# [About this task]
Once the line holding "RPS Knights screenshot 1" is found in the entries below, transcribe exactly every line up to and including the one holding "Informa Markets - グローバル展示会主催企業", but leave out the pictures.

# [Task data]
━━━━━━━━━━

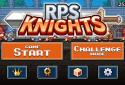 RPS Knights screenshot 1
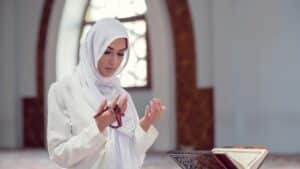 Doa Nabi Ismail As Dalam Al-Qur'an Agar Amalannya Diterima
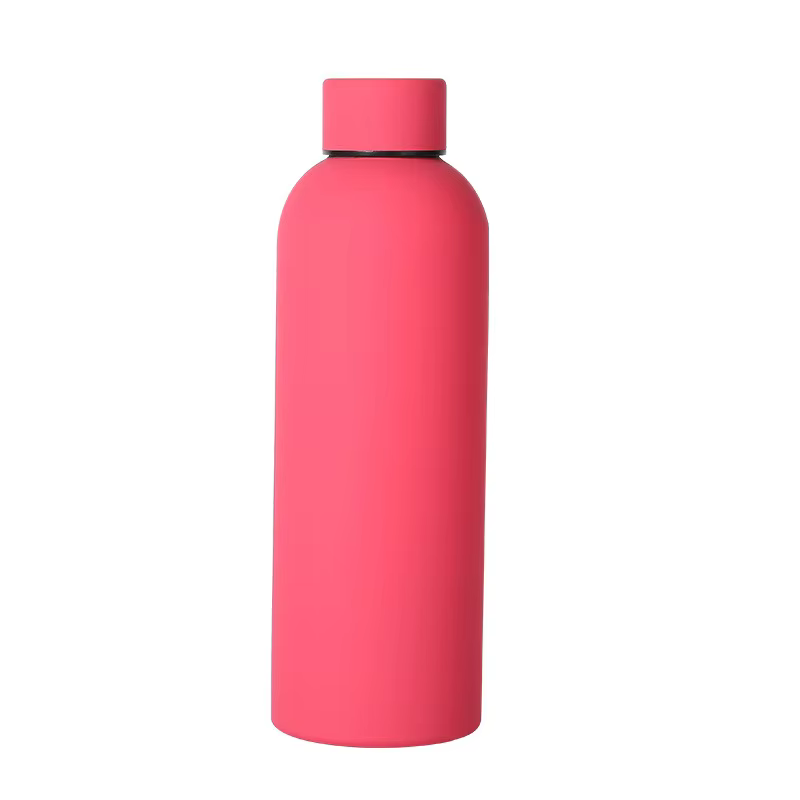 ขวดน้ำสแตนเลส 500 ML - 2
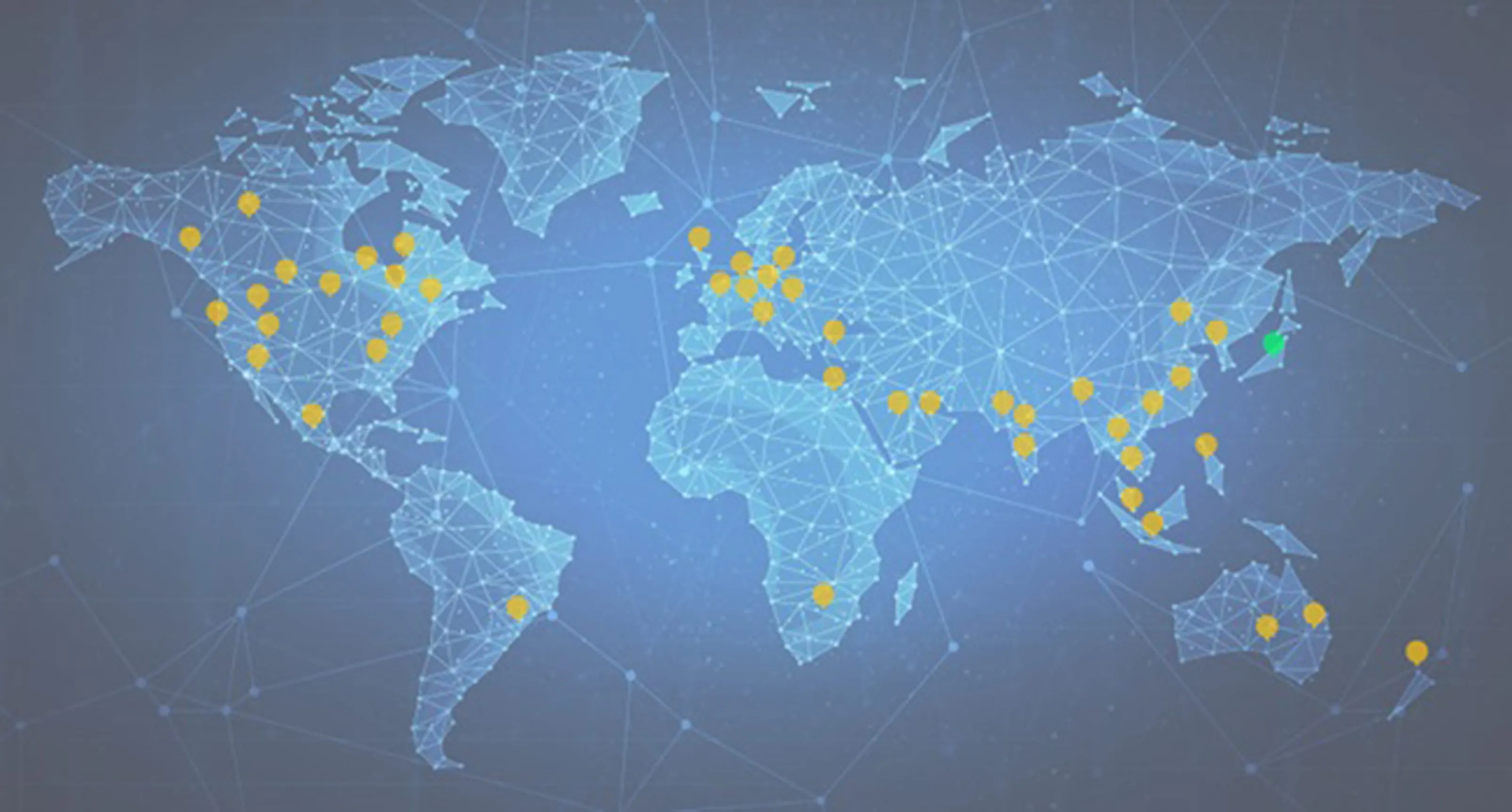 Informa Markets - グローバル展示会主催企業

━━━━━━━━━━

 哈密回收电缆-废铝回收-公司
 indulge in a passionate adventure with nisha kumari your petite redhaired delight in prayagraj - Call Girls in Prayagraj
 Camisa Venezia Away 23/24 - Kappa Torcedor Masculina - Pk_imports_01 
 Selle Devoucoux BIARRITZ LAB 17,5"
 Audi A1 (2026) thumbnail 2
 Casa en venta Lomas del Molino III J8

━━━━━━━━━━

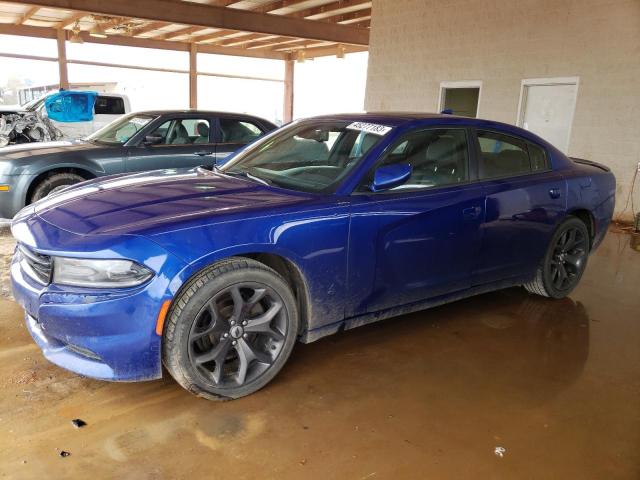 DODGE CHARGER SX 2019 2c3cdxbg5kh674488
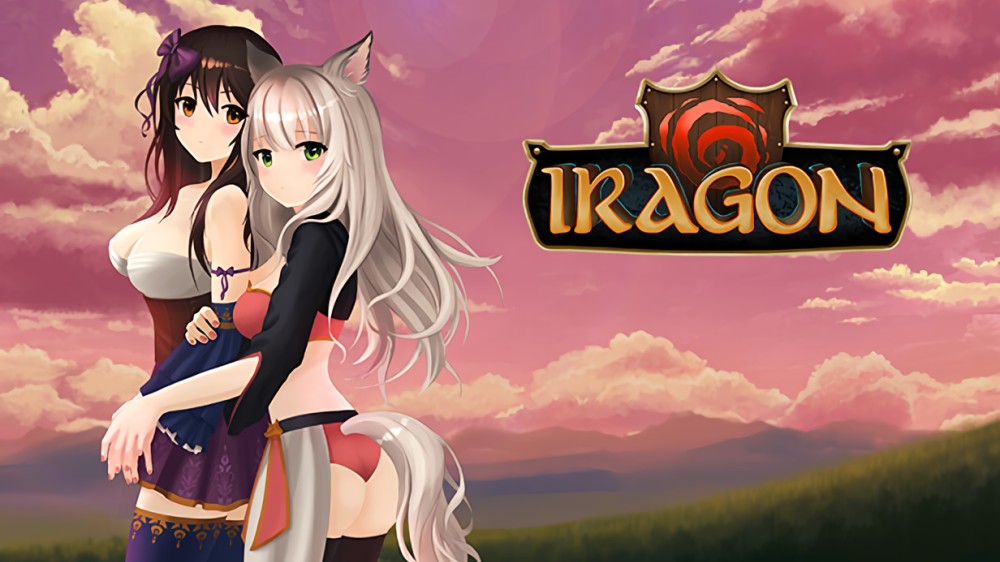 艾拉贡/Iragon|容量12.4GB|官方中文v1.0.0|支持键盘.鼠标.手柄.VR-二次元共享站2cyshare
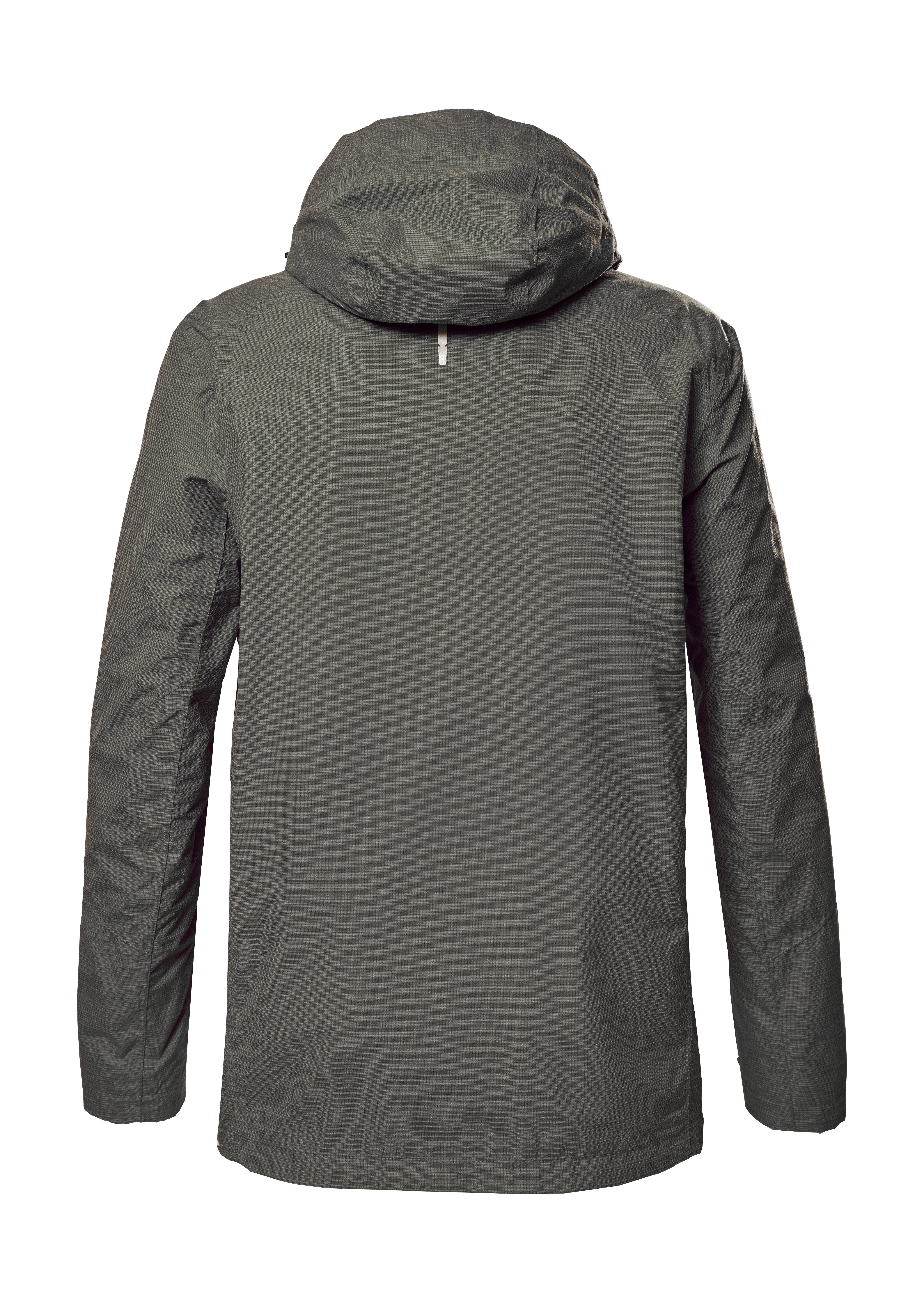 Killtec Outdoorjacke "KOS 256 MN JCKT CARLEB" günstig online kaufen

━━━━━━━━━━

# [Solution]
 RPS Knights screenshot 1
 Doa Nabi Ismail As Dalam Al-Qur'an Agar Amalannya Diterima
 ขวดน้ำสแตนเลส 500 ML - 2
 Informa Markets - グローバル展示会主催企業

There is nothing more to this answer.